何でもありの町長選挙なんですかね。今度は「明るい会」についてのとんでもないデマが飛んでいるといいます。この手のデマは、それなりに意識していないと流せないものです。
「池田町の共産党は後援会には入れないから、『明るい会』をつくって松沢を応援している。資金も党本部から出ている」というもの。先日のチラシと言い、このデマと言い、最低のやりかた。当選できればなりふり構わないという低レベルぶりです。これはさすがに無視できません。
まず、役場の職員のみなさんに、次いで町民のみなさんに、両方(「明るい会」「現職後援会」)のチラシをよく見比べてほしいということをお願いしておきましょう。
「明るい会」は直接後援会に入ってなかなか活動しづらい議員や町民有志によってつくられた勝手連組織。後援会ではなく「よりよい町政」をめざし、思想信条に関係なくつくられた個人加盟団体です。政策としては松沢陣営に共感し、ともに明日の町政をつくっていこうと話し合って、政策や町政上の問題点などについて検討しているのです。自民党支持者から無党派の人、共産党籍のある人までさまざま。根も葉もないデマにひるむような面々ではありませんが、何も知らない人は「やっぱり松沢は共産党か」とついつられて思わされる人もいないわけではないでしょう。共産党もまたこれには断固たる反論、反撃をしなければなりませんね。あまりに低レベルだから黙っていればいいなどと思っていると、どんどんエスカレートしてくる。
これまでの選挙戦の様子を振り返って何が問題になっているかを明らかにしておかなければなりません。
先日の現職のチラシによって、両者の争点がいっそう不鮮明になったと一般には受け止められていようです。むしろ現職がやる気になったとさえ、受け止められる可能性がありますからね。では、一体争点はどこにあるのか。

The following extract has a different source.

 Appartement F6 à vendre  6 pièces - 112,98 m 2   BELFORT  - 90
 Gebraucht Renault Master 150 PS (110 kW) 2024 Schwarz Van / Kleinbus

役場のみなさんや議員のみなさんならすぐに分かることが2つあります。
1つは議会での答弁と今回の大風呂敷とも見える「政策」「構想」との整合性です。まずこれは完全に分裂しています。
ここに書かれた多くのことは「カネがないからできない」と言ってきたことばかりではないですか。今回それを手のひらを返したように「あれもやります。これやります」とは一体どういうことなのか。しかも、数年後の「夢構想」まで。夢を描くのは結構ですが、財源抜き、現状分析抜きの構想には開いた口がふさがらない。
2つは、そのカネはどこから出てくるのかという問題です。
国の交付金?特定目的積み立て?財調のとりくずし?このままいけば際限のない借金地獄に陥ってしまいます。果たして現職はこれがおわかりなのでしょうか。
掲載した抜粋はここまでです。